## YOUR TASK
Using the listing below, give again exactly the lines from the line with "Cercei eleganti tip" to the line with "Wooden Flexible Caterpillar", inclusive, without the pictures.

## RECORDS FOR THE EXERCISE
───
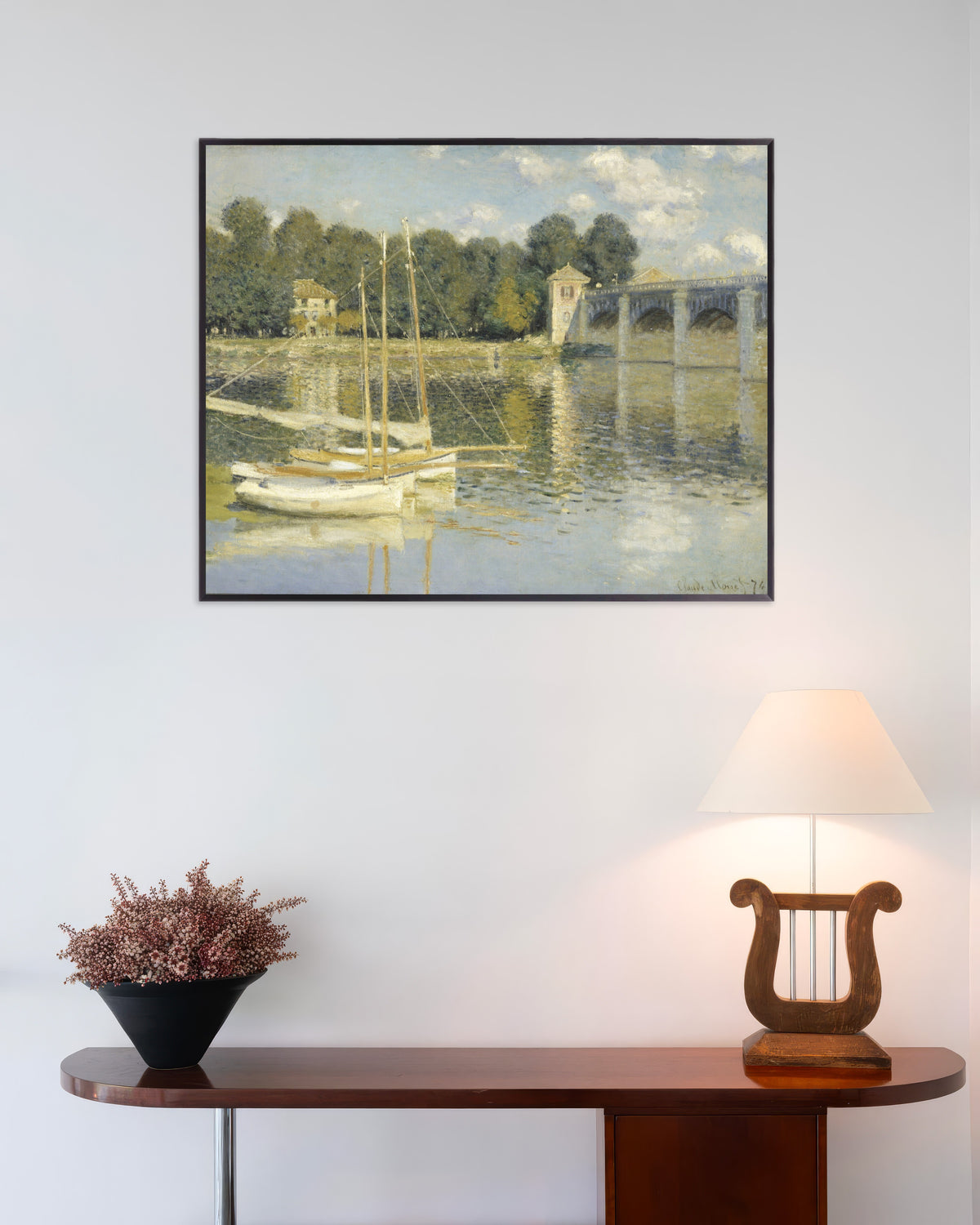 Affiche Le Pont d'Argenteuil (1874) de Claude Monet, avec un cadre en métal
───
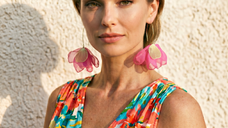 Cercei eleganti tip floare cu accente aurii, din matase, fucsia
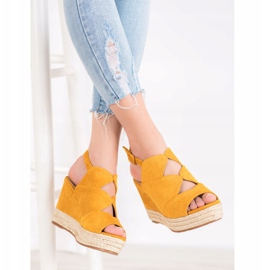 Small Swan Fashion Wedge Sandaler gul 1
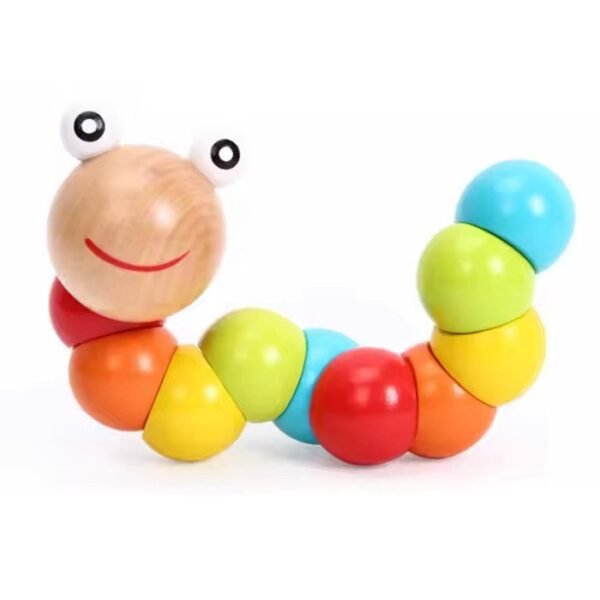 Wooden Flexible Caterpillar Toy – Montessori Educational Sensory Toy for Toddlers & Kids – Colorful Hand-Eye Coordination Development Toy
───
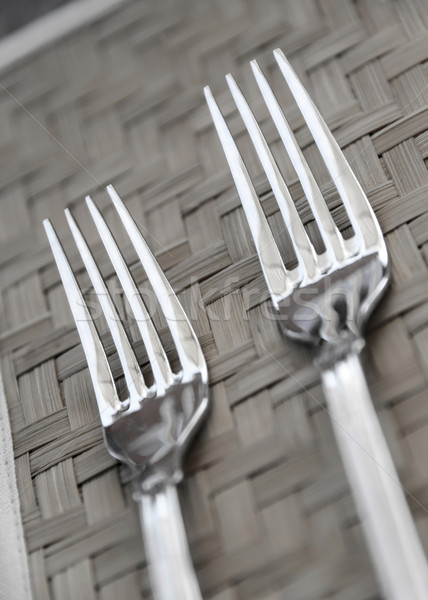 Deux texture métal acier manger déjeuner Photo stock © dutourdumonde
───
## COMPLETED TASK
 Cercei eleganti tip floare cu accente aurii, din matase, fucsia
 Small Swan Fashion Wedge Sandaler gul 1
 Wooden Flexible Caterpillar Toy – Montessori Educational Sensory Toy for Toddlers & Kids – Colorful Hand-Eye Coordination Development Toy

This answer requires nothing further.